PORT-AU-PRINCE, Haiti — The choice could not be more distinct — a brash musician vs. a matronly former first lady. Yet it's the name that isn't on the ballot that could play a decisive role in Haiti's presidential runoff today.
That name is Jean-Bertrand Aristide, the twice-ousted former president who made a triumphant return from exile two days before the election that will determine who leads Haiti as it struggles to emerge from a political crisis and cholera outbreak while launching a multibillion-dollar reconstruction effort following a devastating earthquake.
With his arrival, the popular and polarizing Aristide immediately sparked feverish speculation over his motivations and intentions, even though his party was barred from the ballot.
His endorsement, if he offers it, could be a boon for one of the two candidates in the runoff. If he tells his followers to boycott the election, it could disrupt the vote and add an influential voice to critics who say it lacks legitimacy.
For some in Aristide's Family Lavalas party, which electoral officials eliminated over technicalities that supporters say were bogus, there is no option but boycott.
Aristide has stayed silent since a speech at the airport on Friday in which he criticized the exclusion of Lavalas, seeming to contradict previous statements from supporters that he would not get involved in politics.
The effect of his presence remains uncertain in a race that largely turns on the personalities of candidates Mirlande Manigat, a university administrator and former first lady, and Michel "Sweet Micky" Martelly, a pop star.
Both candidates have been critical of Aristide in the past. On Saturday, the Manigat campaign claimed the former president subtly endorsed her by alluding to her campaign during his arrival speech.
A Lavalas spokesman, Ansyto Felix, said there was no endorsement.

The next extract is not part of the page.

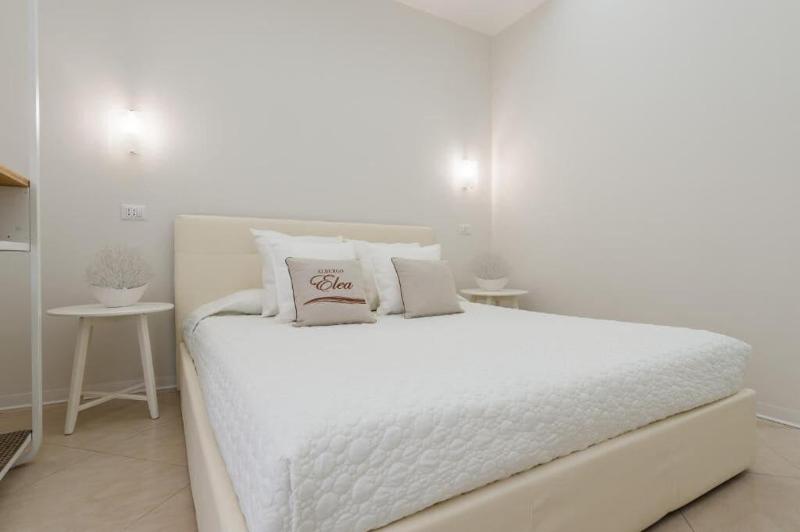 Albergo Elea - Oda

Whoever wins will face major challenges, including a Senate and Chamber of Deputies controlled by the party of outgoing President René Préval, barred by the constitution from running for re-election. They may also face a surge in cholera once the rainy season starts. There is also anger because 800,000 people are still in what were once optimistically labeled "temporary settlement camps" after the January 2010 earthquake.
The first results from the runoff are expected March 31.